The dark form shifted, and a bony wrist and hand came into view. The palm was extended upward, and the skin was shriveled and ghostly white.
As my eyes traveled the length of the long, curled fingers, the hand lowered slightly, and I saw a sickening sight.
A Mae West-style cigarette holder.
I sighed and rested my head against the door. "No such luck, buddy," I breathed. "It's Glenda."
"Open up, Miss Franki," Glenda O'Brien, my sixty-something landlady, called in her sultry, Southern voice. "The birthday fairy is here, and she's got a surprise for you."
At only nine-thirty a.m. on the Saturday I'd turned thirty I was in no mood for surprises. And judging from the way Napoleon was rubbing his eye with his paw, he wasn't up for any of Glenda's shenanigans either.
"Like it or not, sugar, you're no spring chicken anymore," she bellowed for the whole neighborhood to hear. "So let Miss Glenda in. She'll make it all better."
I was quite sure that she wouldn't, but I opened the door anyway. Along with the cigarette holder and the set of black wings, Glenda was clad in a studded black leather micro triangle top, a tiny tutu, and thigh-high boots. I couldn't decide whether she looked like a winged Hell's Angel or a geriatric Victoria's Secret model whose wings had been clipped. "Um, is that supposed to be your fairy costume?"

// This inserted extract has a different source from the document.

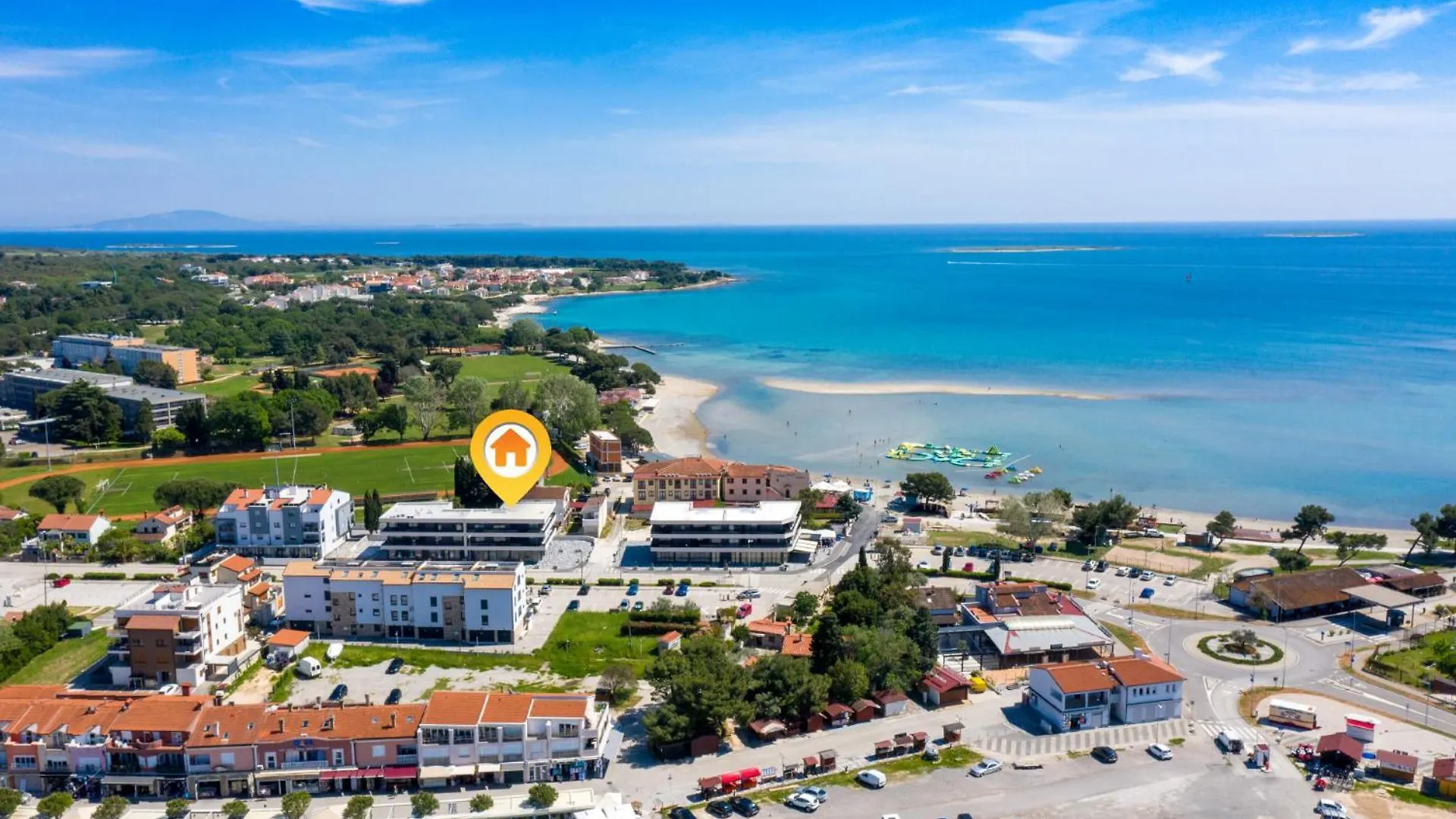 Fly Rooms Medulin - 50M From The Beach - New 2024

"I just made that crap up so you'd open the damn door," she said as she shoved a Bloody Mary into my hand.
I eyed the drink suspiciously. "What's this for?"
She batted her inch-long crimson eyelashes. "Aren't you hung over?"
"No, but I might as well be."
She put her hand on her tutued hip. "The night before I turned thirty, I drowned my sorrows in champagne, and I soaked in it too. A bubbly bath does wonders for a lady's soul and her skin, you know."
On my private investigator's salary, I couldn't afford a glass of champagne, much less a bathtub full. But Glenda was an ex-stripper who'd invested her money in real estate and antiques, including the fourplex we lived in and the not-so-chic seventies brothel pieces in my furnished apartment, so she could afford to bathe in booze. In fact, she had a six-foot-tall champagne glass in her living room for precisely that purpose. "Actually, I wouldn't know."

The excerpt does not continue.